Here is a photo of the clover-leaf-shaped Majestic Hotel Ballroom, where Whitey Smith and his orchestra performed in the late 1920s. It was considered by many to be the finest ballroom in all of Asia. Unfortunately the hotel was closed for business and eventually torn down along with its ballroom in the early 1930s. The space it occupied is where the Westgate Mall (meilongzhen guangchang) is today, on the corner of Jiangning and Nanjing West Roads.
Whitey Smith came to Shanghai in 1922 after being recruited by Louis Ladow, an American nightclub owner who was building the Carlton Cafe, then touted as the finest ballroom in the city. It was soon surpassed by both the Astor House Hotel, which renovated its ballroom in the early 1920s in light of the Jazz Age, and by the Majestic Hotel Ballroom which opened in 1925-6. Whitey was one of the earliest American jazz musicians to play in Shanghai, and he eventually played in all three of these ballrooms, as well as the famed Paramount Ballroom in the 1930s. He was one of the most loved jazz musicians in China between the 1920s and 1930s, as both his own book and many other records from the era attest.

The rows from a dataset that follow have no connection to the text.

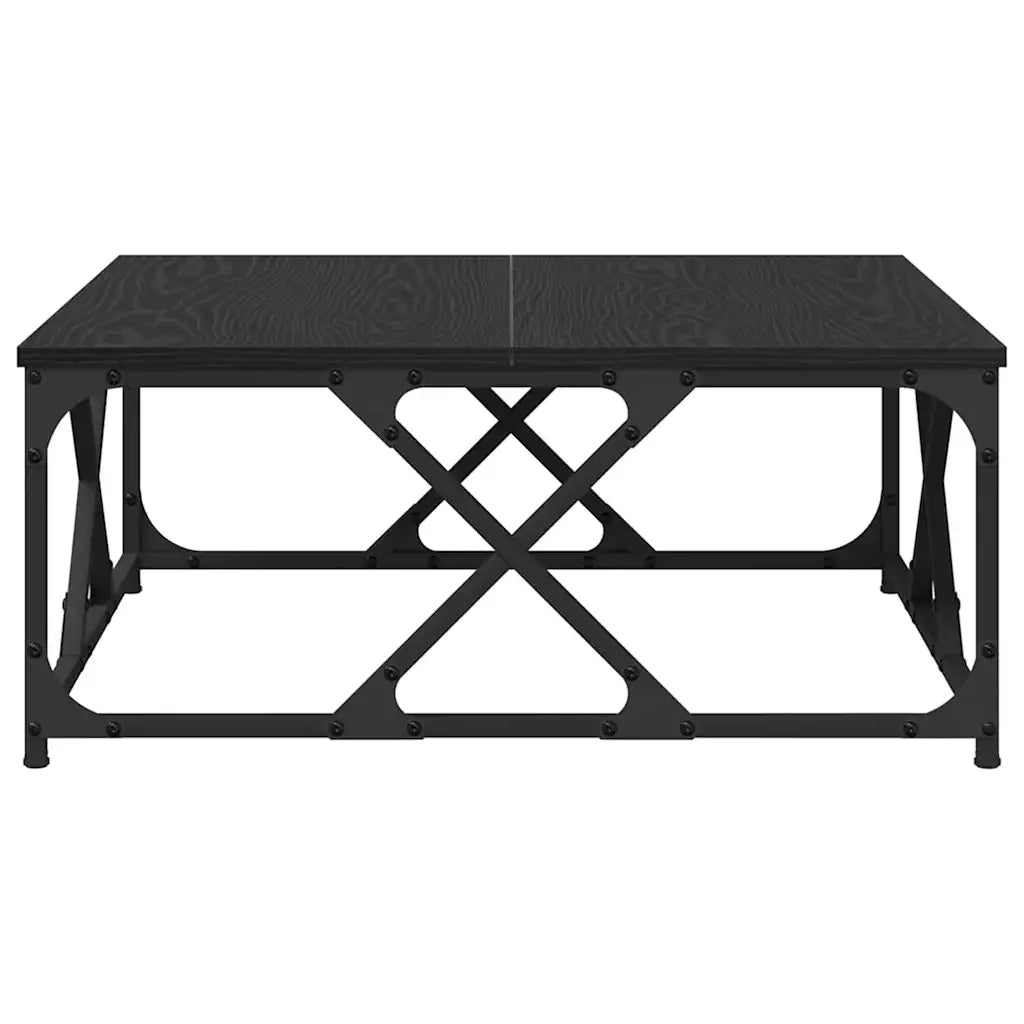 Tavolino da salotto Rovere Nero 70 x 70 x 30 cm 882774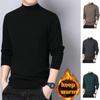 Mens  Cotton Crew Neck Jumper Warm Pullover Cashmere Plain Sweater Jacket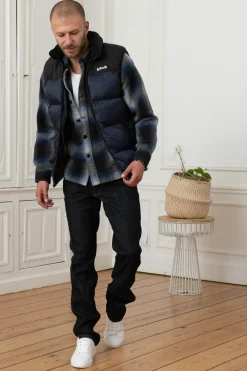 Blouson Homme Schott Utahv Navy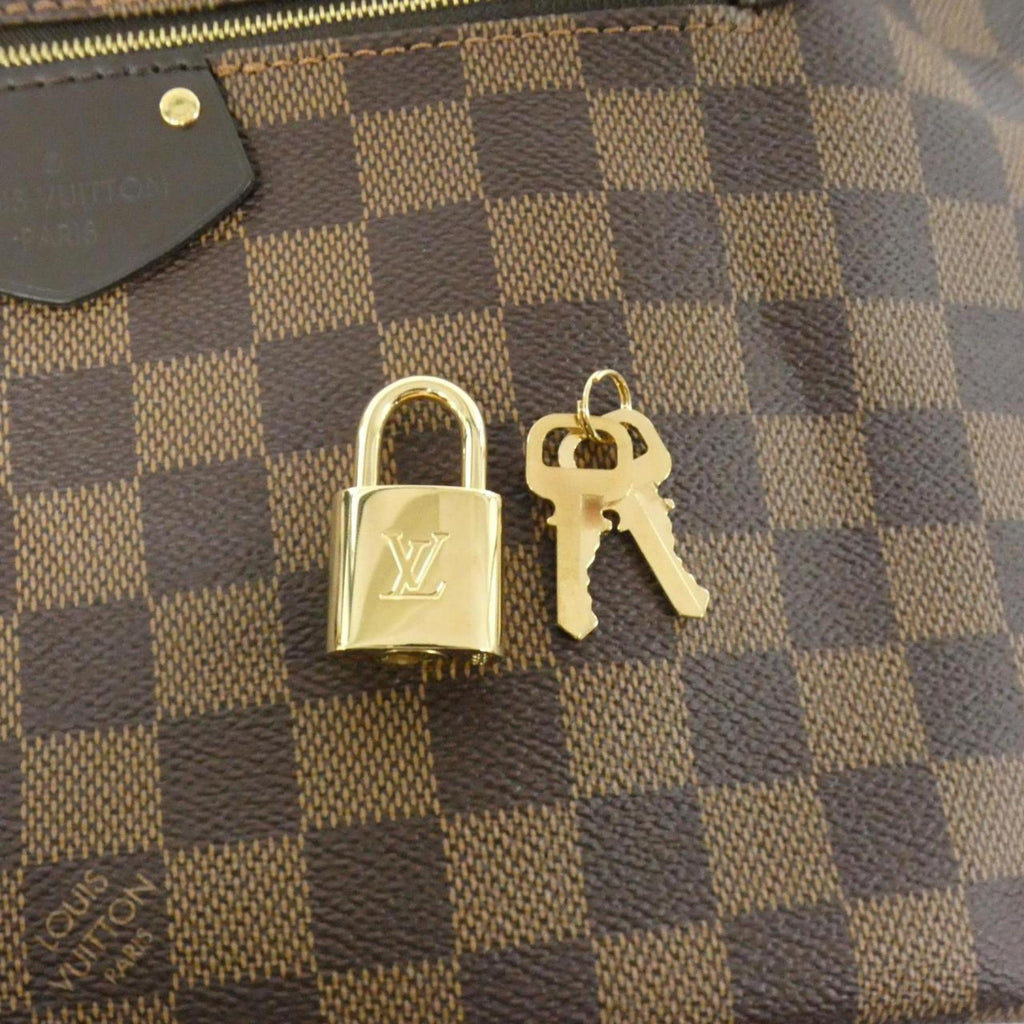 Louis Vuitton Ebene Coated Canvas Handbag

Here is a photo of Whitey Smith (fourth from left) and his all-American jazz orchestra, from the back cover inset of his book I Didn't Make a Million
The music that accompanied the British Movietone Newsreel posted on youtube was completely inappropriate for the clip, so I downloaded the video and cut a new one over Whitey Smith's song "Nightime in Old Shanghai."
You can watch this clip on my youtube site.
This is the same clip (I think--would have to check on this) that appears in a documentary film on old Shanghai called "The Dragon and the Eagle", where you can actually see Whitey Smith singing this song. I got the recording from an album called Oriental Illusions, a collection of old jazz tunes about the Far East. Smith made several recordings, though only this one survives (not entirely true actually, I also have one more song of his on tape which I got from a private collector).
Anyhow, I hope people can enjoy Whitey's song and by listening to it over the clip (which I had to repeat a few times as it was much shorter than the song) they will see how well it goes with the dancing.